What works, as people like Samuel Crompton found two centuries ago, is to embrace and help shape the new technologies rather than mourn their existence

 

Unlike the first Industrial Revolution, its effects will not merely be on those who work with their hands. White collar professionals too will feel its force. When I was chief legal ombudsman, I watched while whole swathes of activity previously done by trained lawyers was, in effect, taken over by computer software: house conveyancing, for example. What previously required intensive (and expensive) legal input, is now largely automated, with trained lawyers only intervening at one or two critical points to assure themselves that there are no hidden glitches. Yes, some are losing out: the proportion of law graduates who now end up working as lawyers is less than 20%. But for those who are adapting to the new world, wages are booming, and job satisfaction is increasing.

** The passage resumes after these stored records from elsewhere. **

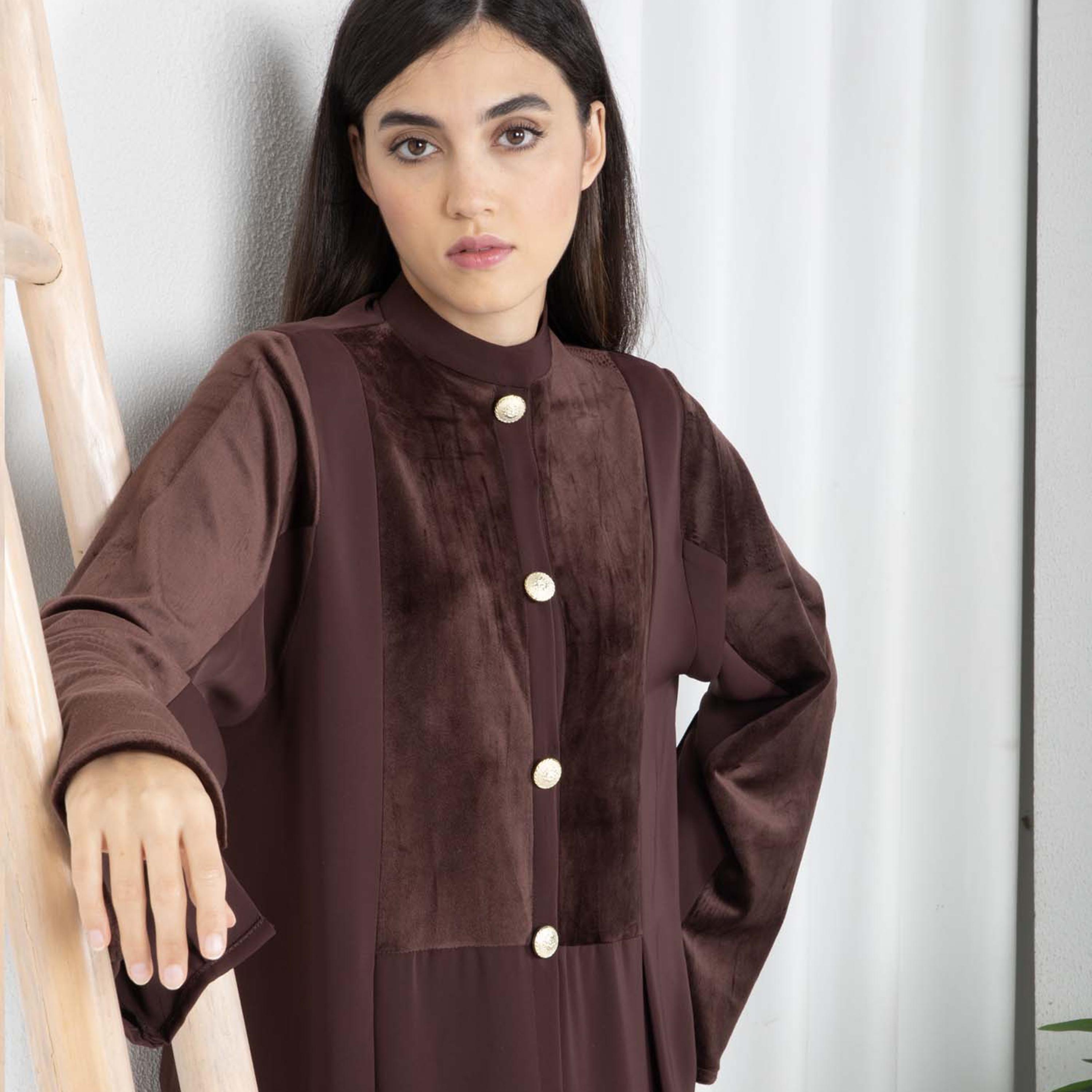Msquare Fashion Colour Blocked Mandarin Collar Wide Sleeves Nida and Velvet Women's Abaya with Hijab-women-arabicclothing-abayas-image-2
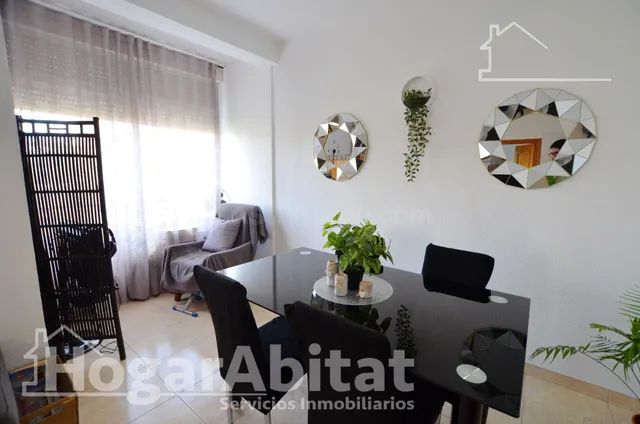 ¡En buena zona! Amplio, moderno y esquinero con gran balcón  - foto 5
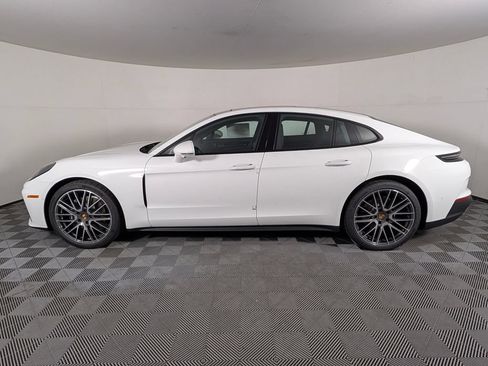 New 2026 Porsche Panamera RWD image 2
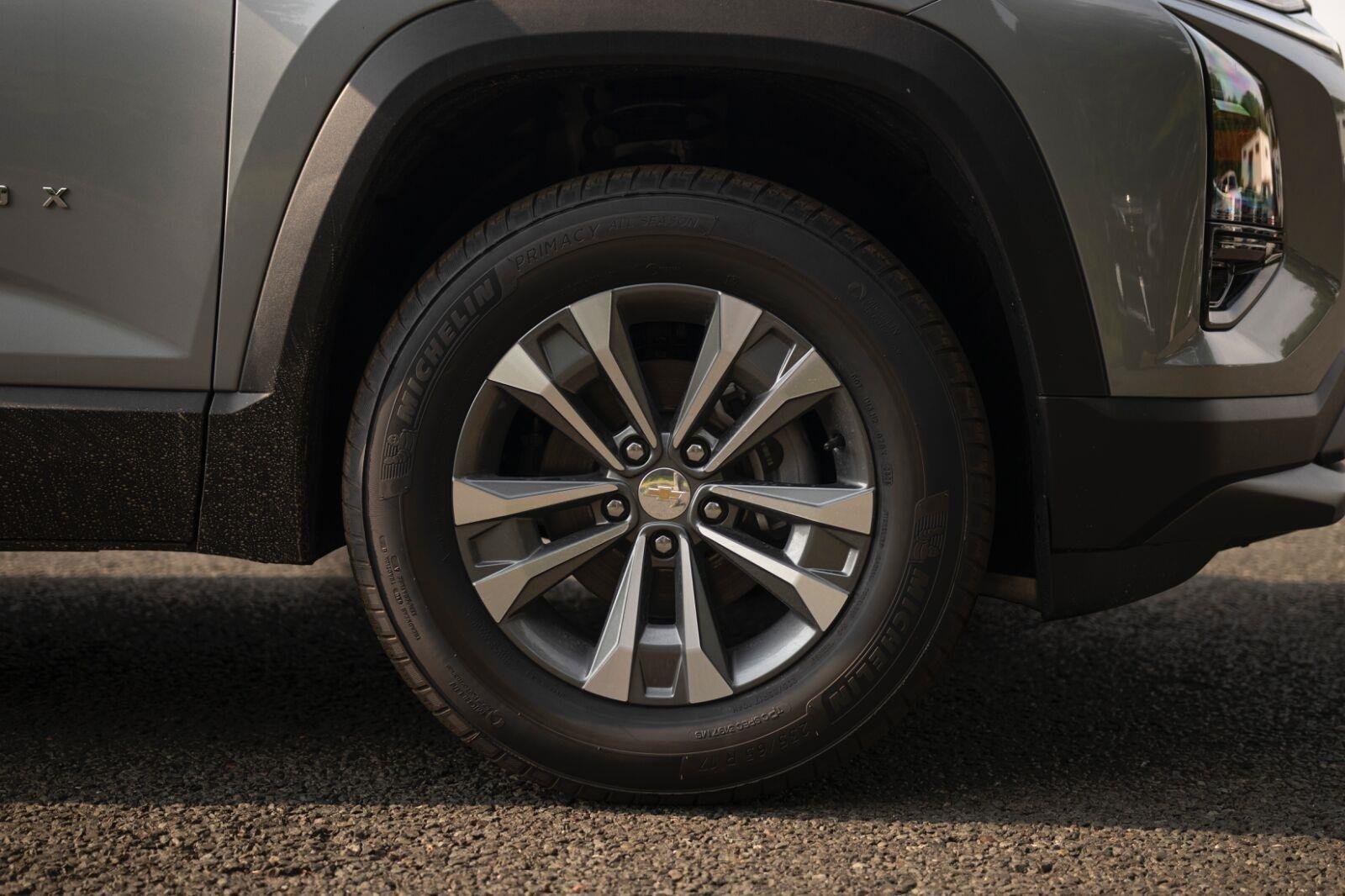 2027 Chevrolet Equinox LT - Photo 10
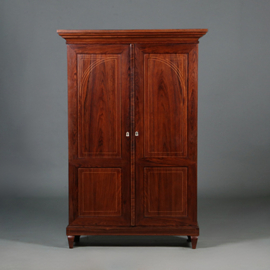 kleine palissander tweedeurskast met poort vormige fillets van Palmhout ca 1820 (No.461535)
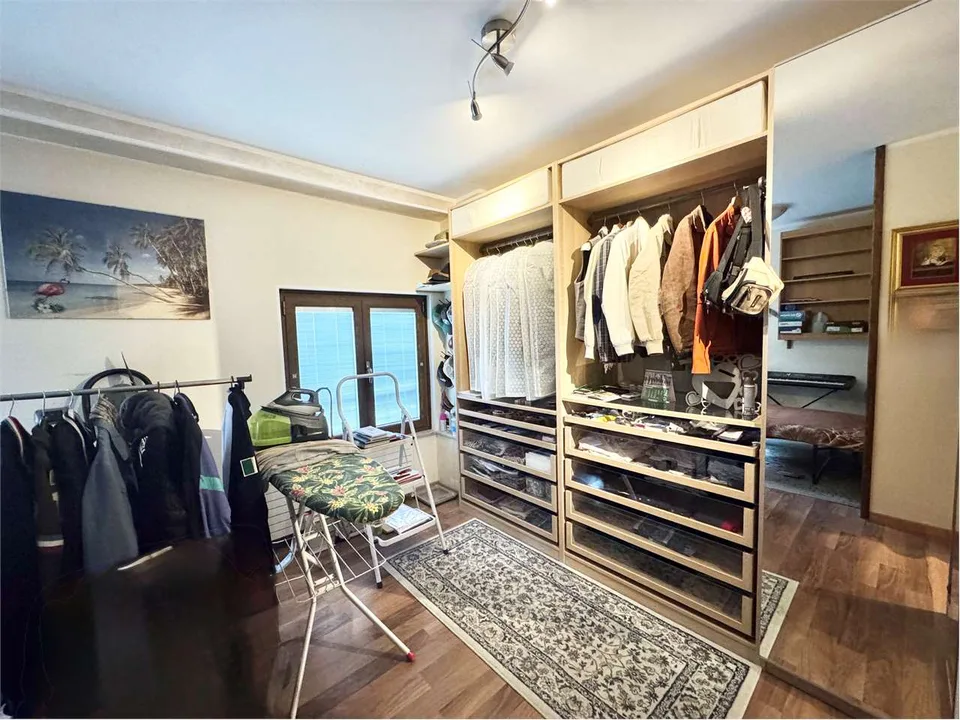 Capannone, Apartment und Showroom in Porlezza zum Verkauf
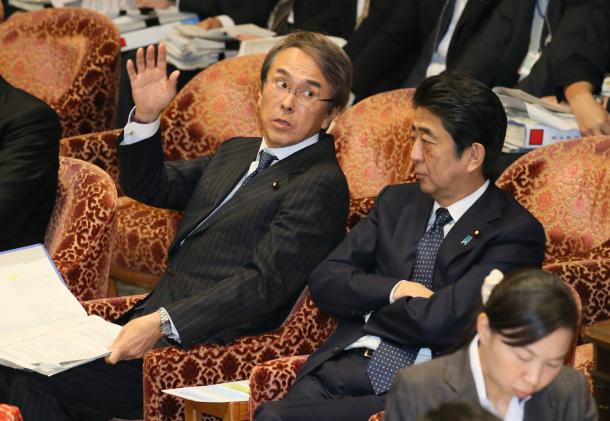 衆院TPP特別委で、民進党の質問に答弁するため挙手する石原伸晃TPP担当相(左)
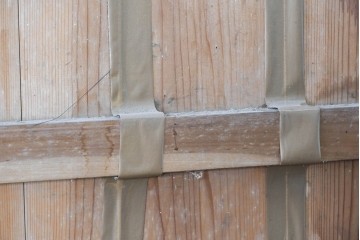 アンティーク建具　大正から昭和初期　杉材　木目の力強さが引き立つ重厚な蔵戸1枚　(R-091100)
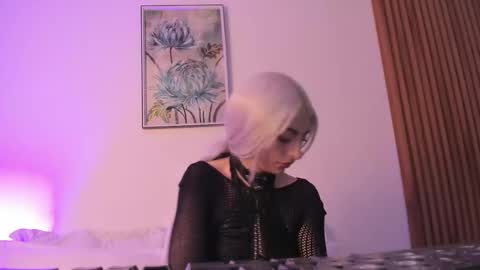 Asami Yaeko              online show from October 10, 2025, 2:05 pm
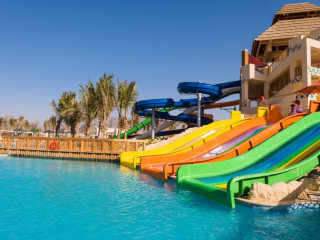 Al Fanar Hotel and Residences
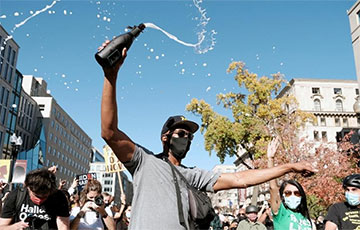 Толпы людей с шампанским: как американцы празднуют победу Байдена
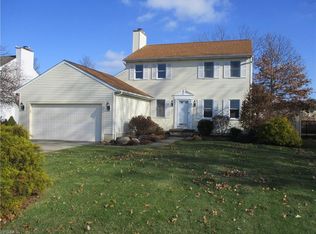 5933 Oak Point Rd, Lorain, OH 44053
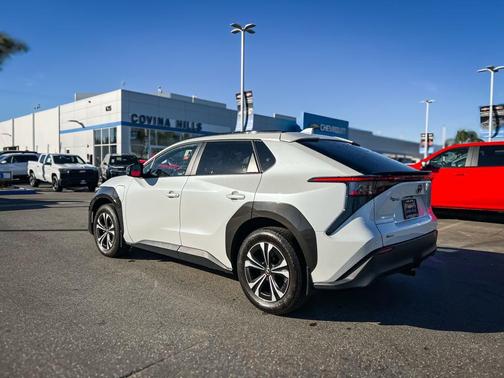 2024 Toyota bZ4X XLE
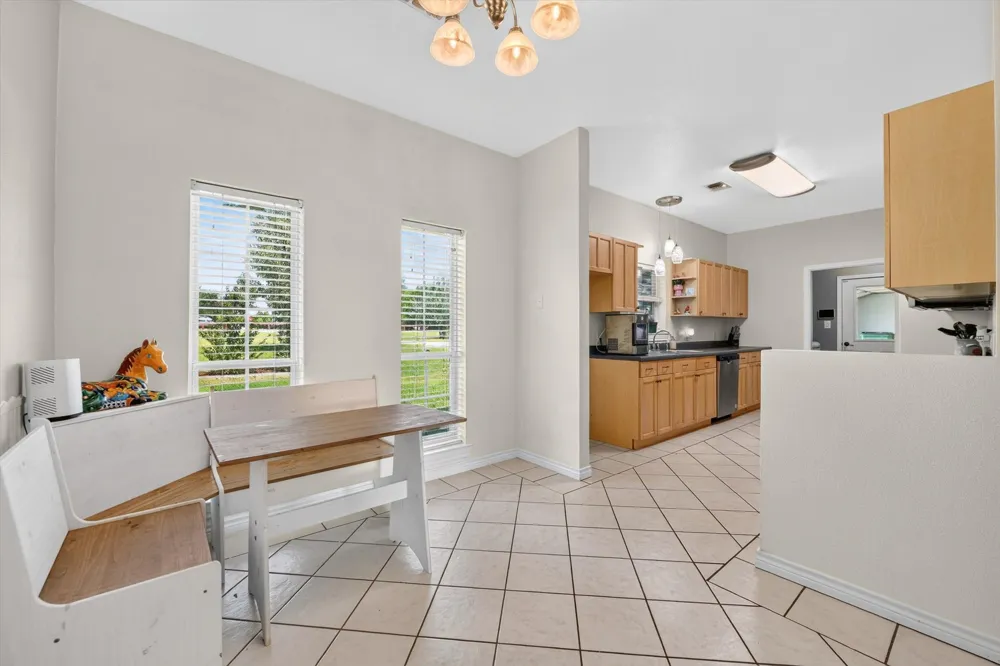 1958 Crockett Street Sanger, TX 76266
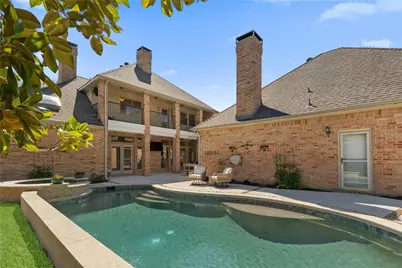 819 Hills Creek Drive, McKinney, TX 75072 - Photo 16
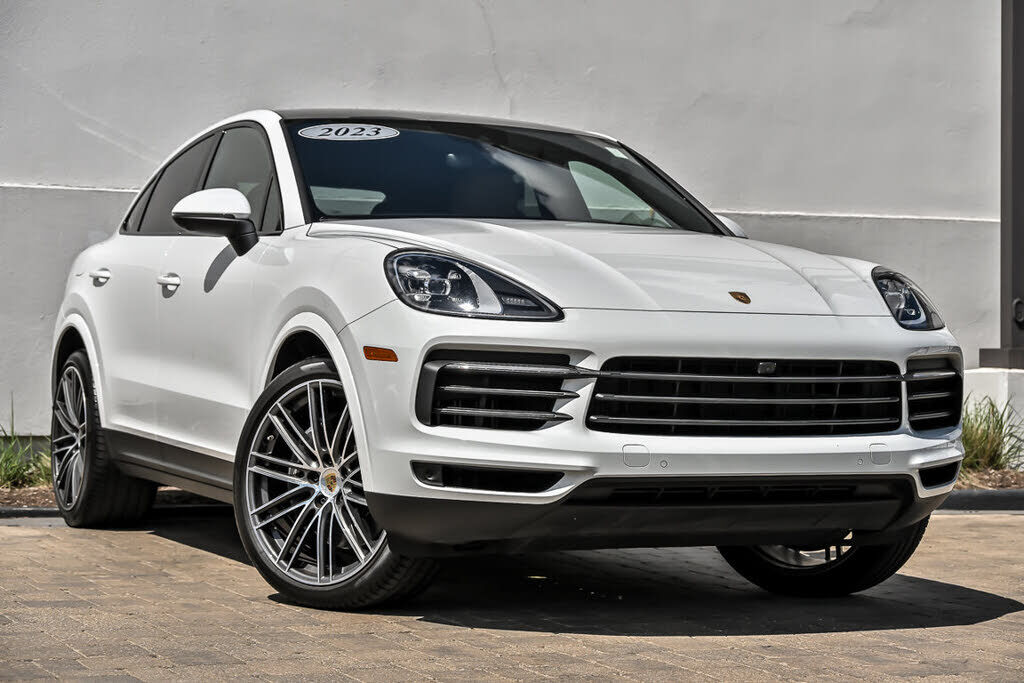 2023 PORSCHE Cayenne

Fortunately, for all that the number of university courses is increasing, there are no signs that there are too few jobs for newly-qualified optometrists. But like law, optometry can no more resist the coming of change than could the Luddites of the 1820s. What works, as people like Samuel Crompton found two centuries ago, is to embrace and help shape the new technologies rather than mourn their existence. In law, the smarter members of the profession are already looking to exploit the potential of the AI to free themselves from the drab, repetitive nature of some legal tasks to focus on the interesting, exciting bits of the job. As this edition of OT shows, optometrists and optometry technology are doing the same. Change is coming, and that provides the profession with huge opportunities. Let’s embrace it.